Mais cette Abigail-ci ne pouvait pas égaler cette Abigail-là, elle voulait être reconnue pour l’Abigail qu’elle était et non l’Abigail qui était morte et qui ne vivait plus que dans le regard de son père. Et, pour que son père la regarde comme l’Abigail qu’elle était, elle cherchait à se donner une identité propre en inscrivant l’autre Abigail sur son corps peut-être comme ses ancêtres stigmatisaient leur visage pour se placer sous la protection tutélaire de leurs anciens et indiquer leur propre identité ?

Et, quand elle oscille aux limites de la folie, le père décide de l’envoyer à Londres, chez son cousin, pour parfaire son instruction et peut-être trouver un équilibre. Mais, tout s’enchaîne alors, la défaillance du père face à ce nouveau deuil, la trahison du cousin, la vengeance, l’amour, la violence, la fuite éperdue devant son destin.

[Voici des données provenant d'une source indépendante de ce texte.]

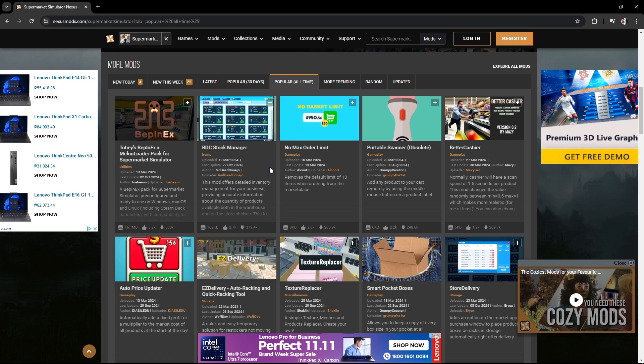In this video, I'm going to show you how to download and install mods — Bip and Nex, Melonloader — for Supermarket Simulator.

Mais s’agit-il bien du destin ? L’auteur n’y croit pas vraiment, « La destinée n’est pas un jeu de cartes distribué contre vous. Ce sont les spécificités du joueur – mais ni le jeu lui-même ni le donneur – qui fournissent la clé. La personnalité est toujours déterminante sur l’issue de la partie. » Abigail n’a pas rencontré les bons joueurs !
Un petit roman plein de sensualité et de poésie, comme de la poésie chinoise ancienne qu’Abigail aime tant, construit comme une tragédie, le combat d’une jeune fille noire écartelée entre deux êtres celui qu’on voudrait qu’elle soit, qu’elle voudrait peut-être elle aussi être, et la jeune fille qu’elle est, trop belle pour les brutes qui l’entourent et trop semblable à celle qu’on voudrait qu’elle soit. Un drame qui tourne vite à la tragédie où l’auteur traite le problème de l’identité, de la personnalité, de l’écartèlement entre deux cultures, de la femme dans le monde africain, de la communication entre les générations et de la condescendance de l’accueil des blancs.

Un roman dont l’extrême densité ne nuit jamais à la fluidité où l’ « Alors » qui fut alterne avec le « Maintenant » qui est, et où le langage du corps prend parfois le pas sur le langage des mots qui ne peuvent plus être dits. Alors, le corps exprime, la douleur, les sentiments, la volonté d’exister dans un dur combat dont les pratiques sadomasochistes sont les armes et la mort la sanction inéluctable en cas d’échec.